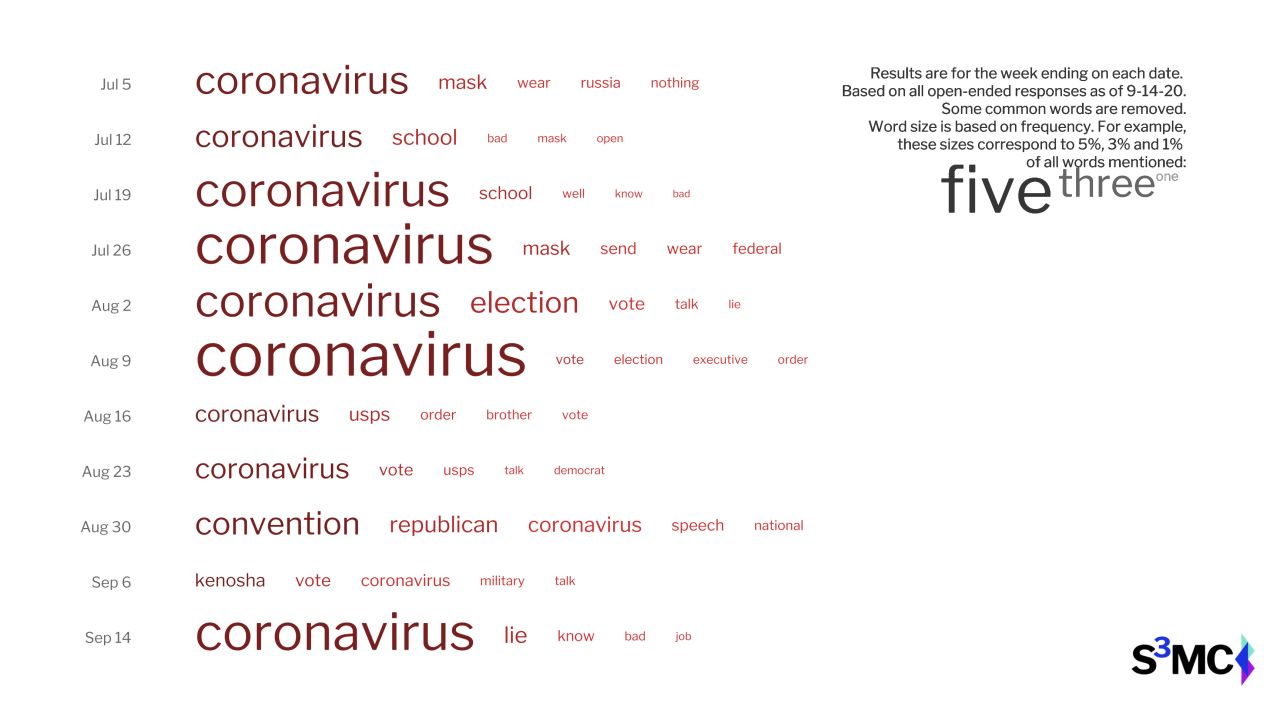 Coronavirus reemerges as a top word for Trump.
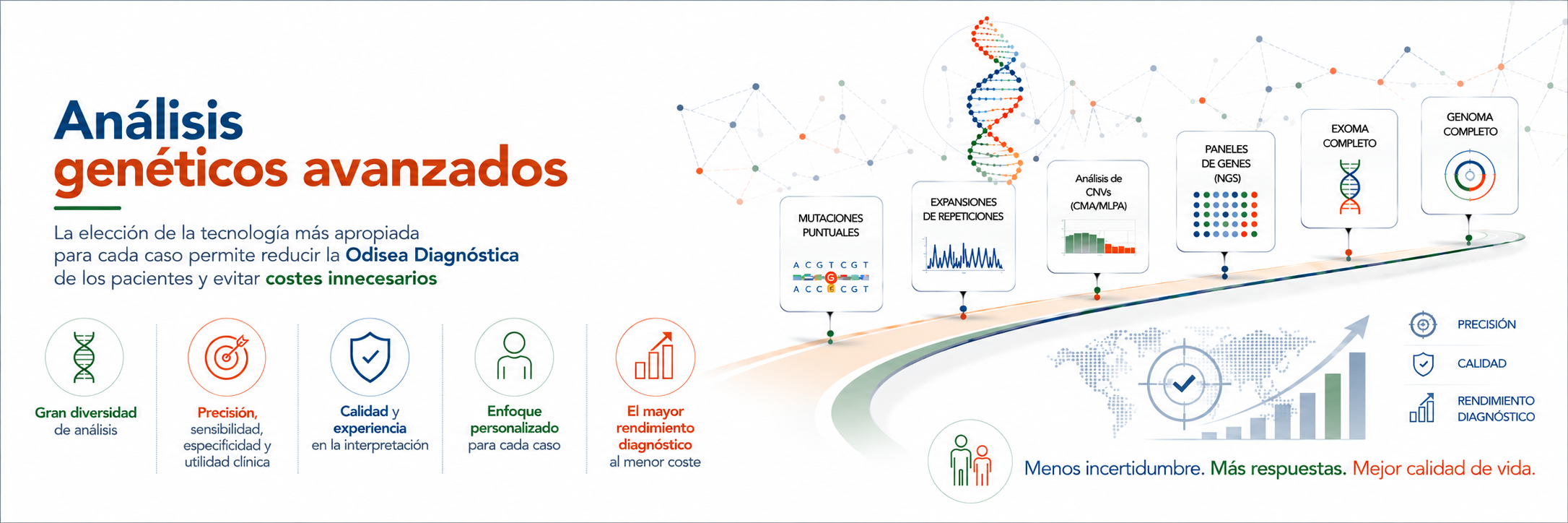 Análisis genéticos avanzados en Genagen: mutaciones puntuales, expansiones de repeticiones, análisis de CNVs (CMA/MLPA), paneles de genes por NGS, exoma completo y genoma completo. Elegir la tecnología más apropiada para cada caso permite reducir la odisea diagnóstica y evitar costes innecesarios.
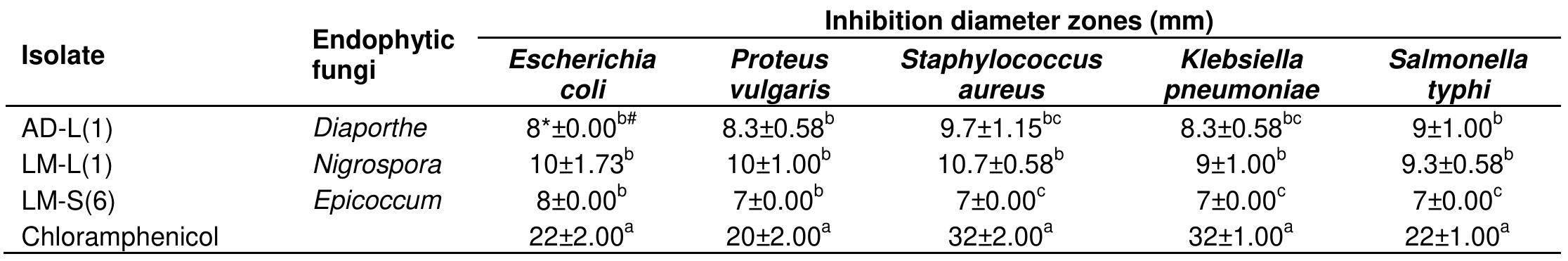 (PDF) Antibacterial activity of endophytic fungi isolated from leaves ...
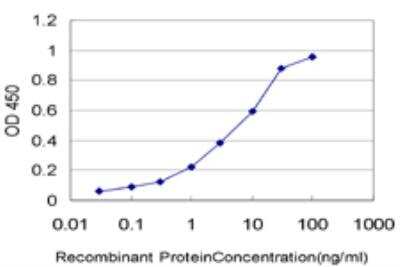 ELISA: DRAK1 Antibody (4D12) [H00009263-M03]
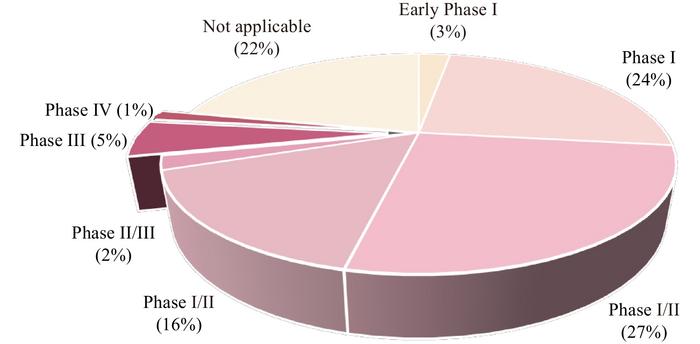 Clinical trials phases of mesenchymal stem cells
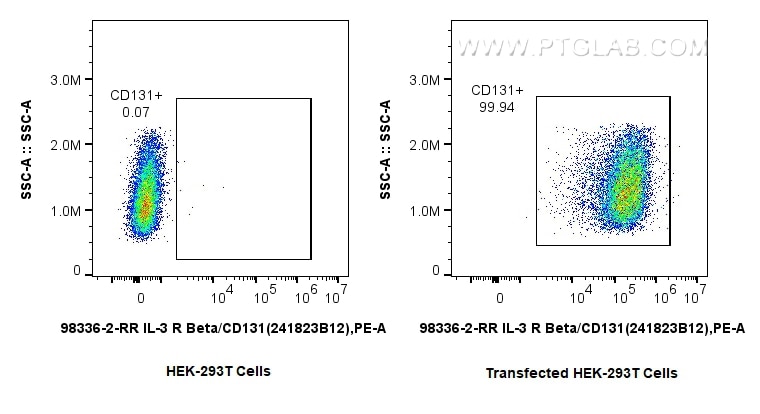 Flow cytometry (FC) experiment of Transfected HEK-293T cells using Anti-Human IL-3RB/CD131 Rabbit Recombinant Antibod (98336-2-RR)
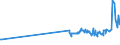 KN 04041036 /Exporte /Einheit = Preise (Euro/Tonne) /Partnerland: Ukraine /Meldeland: Eur27_2020 /04041036:Molke und Modifizierte Molke, in Pulverform, Granuliert Oder in Anderer Fester Form, mit Zusatz von Zucker Oder Anderen SÃ¼ÃŸmitteln, mit Einem Proteingehalt `stickstoffgehalt x 6,38` von > 15 ght und mit Einem Milchfettgehalt von > 1,5 ght bis 27 Ght
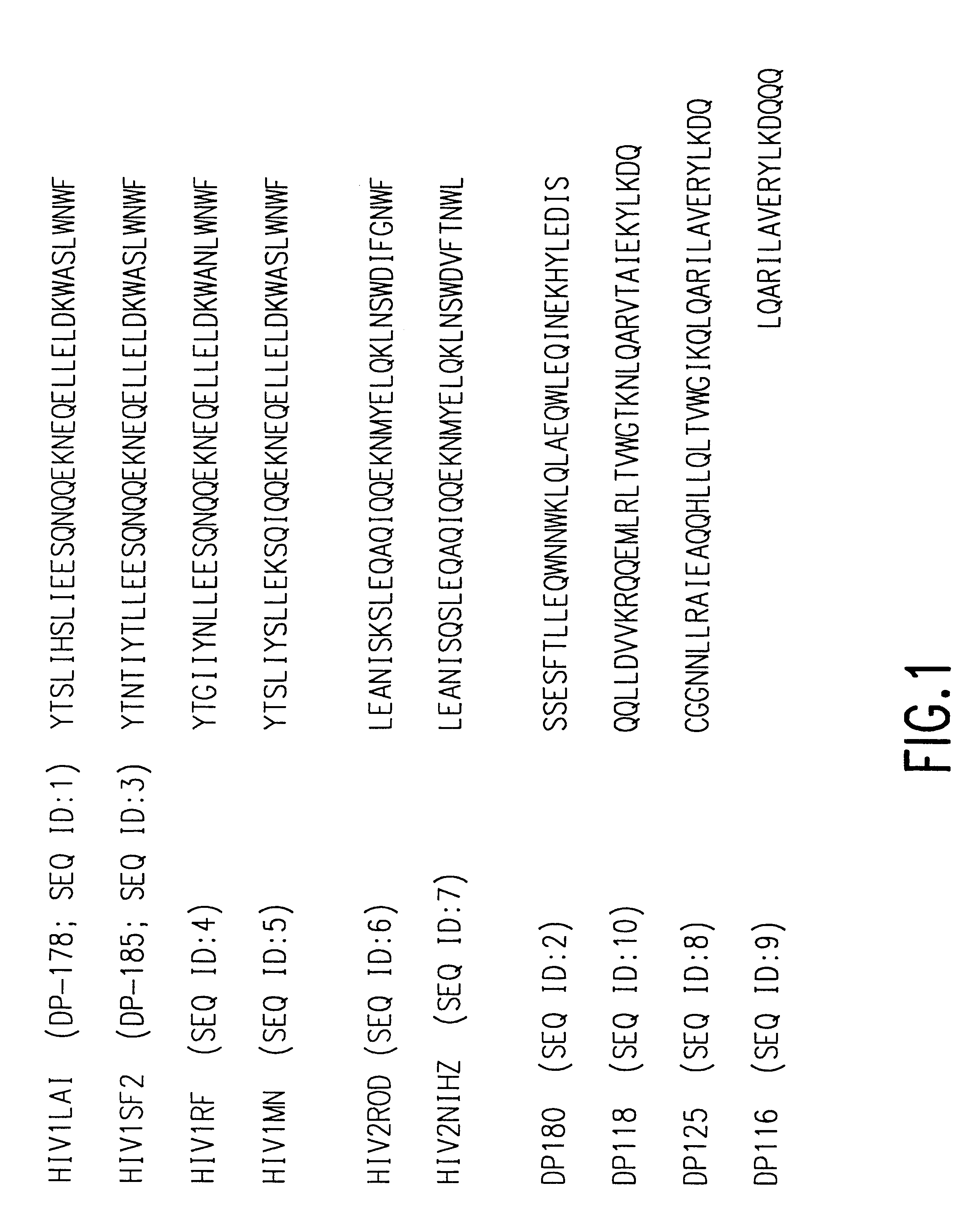 Treatment of HIV and other viral infections using combinatorial therapy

Requirement:
The images are to be left out; every line above should be set down exactly.

Output of the task:
 Coronavirus reemerges as a top word for Trump.
 Análisis genéticos avanzados en Genagen: mutaciones puntuales, expansiones de repeticiones, análisis de CNVs (CMA/MLPA), paneles de genes por NGS, exoma completo y genoma completo. Elegir la tecnología más apropiada para cada caso permite reducir la odisea diagnóstica y evitar costes innecesarios.
 (PDF) Antibacterial activity of endophytic fungi isolated from leaves ...
 ELISA: DRAK1 Antibody (4D12) [H00009263-M03]
 Clinical trials phases of mesenchymal stem cells
 Flow cytometry (FC) experiment of Transfected HEK-293T cells using Anti-Human IL-3RB/CD131 Rabbit Recombinant Antibod (98336-2-RR)
 KN 04041036 /Exporte /Einheit = Preise (Euro/Tonne) /Partnerland: Ukraine /Meldeland: Eur27_2020 /04041036:Molke und Modifizierte Molke, in Pulverform, Granuliert Oder in Anderer Fester Form, mit Zusatz von Zucker Oder Anderen SÃ¼ÃŸmitteln, mit Einem Proteingehalt `stickstoffgehalt x 6,38` von > 15 ght und mit Einem Milchfettgehalt von > 1,5 ght bis 27 Ght
 Treatment of HIV and other viral infections using combinatorial therapy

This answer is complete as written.